The latest data from Centaline property indicates that over 40,000 joint property rights homes (共有产权房) are set to hit Beijing’s housing market in the next twelve months.

This year alone Beijing has approved a total of 65 residential land lots, of which 2.45 million square metres will be used for joint property rights housing, which should be enough to supply around 30,000 dwellings.

One outstanding example of Beijing’s efforts to expand affordable home supply lies in Pinggu district, whose first joint property rights housing project is expected to supply a record-breaking 1,305 dwellings to lower income residents.

The Shandong Zhuangzhen Xilijin Village (山东庄镇西沥津村) will have a total building floorspace of 126,600 square metres, divided into 991 dwellings with an area of approximately 90 square metres, 308 dwellings with an area of approximately 120 square metres, and six with an area of approximately 1 square metre, for a total of 1306 dwellings and an average sales price of 14,500 yuan per square metre.

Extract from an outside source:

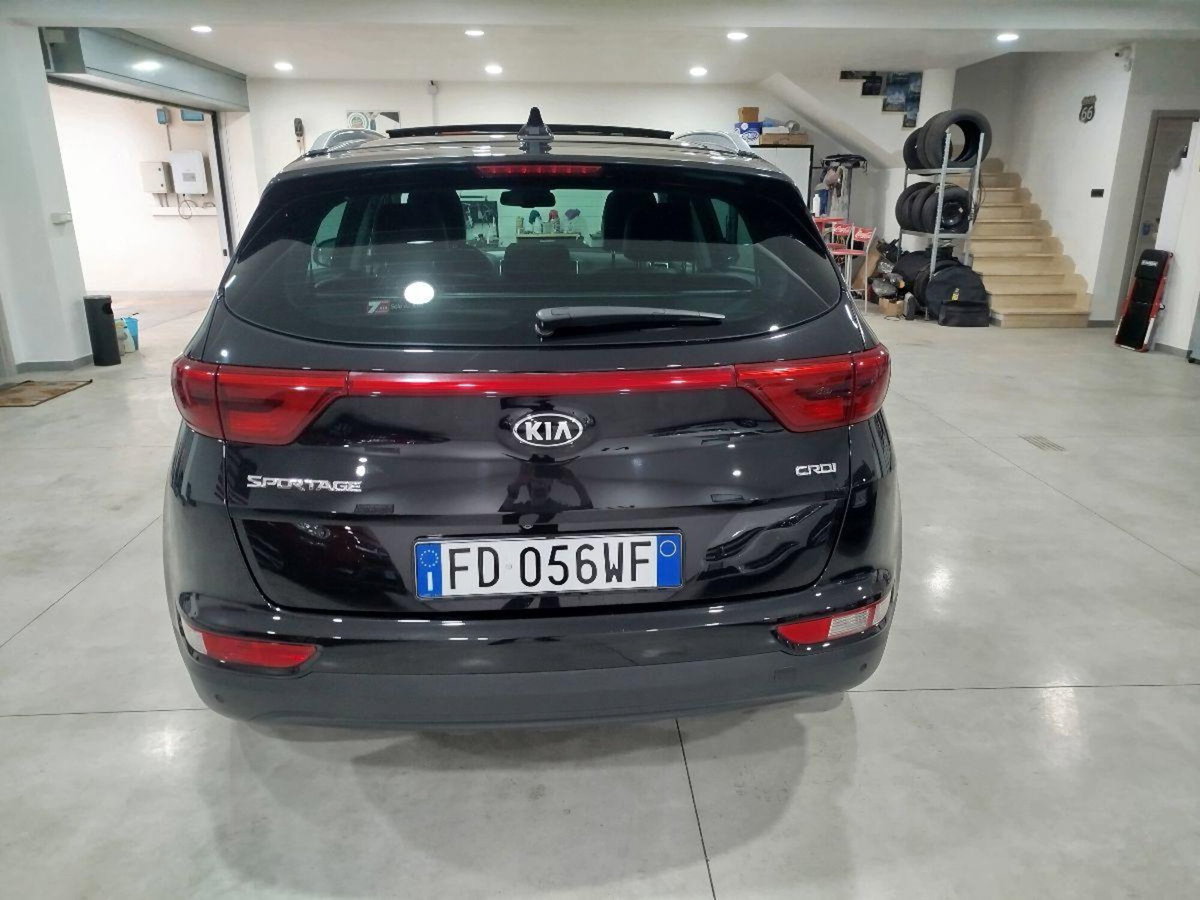Kia Sportage 1.7 CRDI VGT 2WD high tech (6)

Zhang Dawei said the new project marked a sizeable increase in supply, given that that Beijing’s two previous two joint property rights projects each accounted for under 500 dwellings.

The number of dwellings in Xilijin Village is equal to nearly half the annual transaction volume for Pinggu district, and is expected to have a major impact upon the local market.

While joint property rights housing will help meet inelastic demand for housing in the Chinese capital, Zhang expects the number of purchase applications in the Pinggu district will be lower than those for Beijing’s two preceding joint property rights housing projects in the Chaoyang and Shunyi districts.

Beijing’s expansion of joint property rights housing comes as municipal governments around China endeavour to contain their real estate markets with a range of measures including lending quotas, purchase and sales restrictions, and the expansion of urban leasing markets.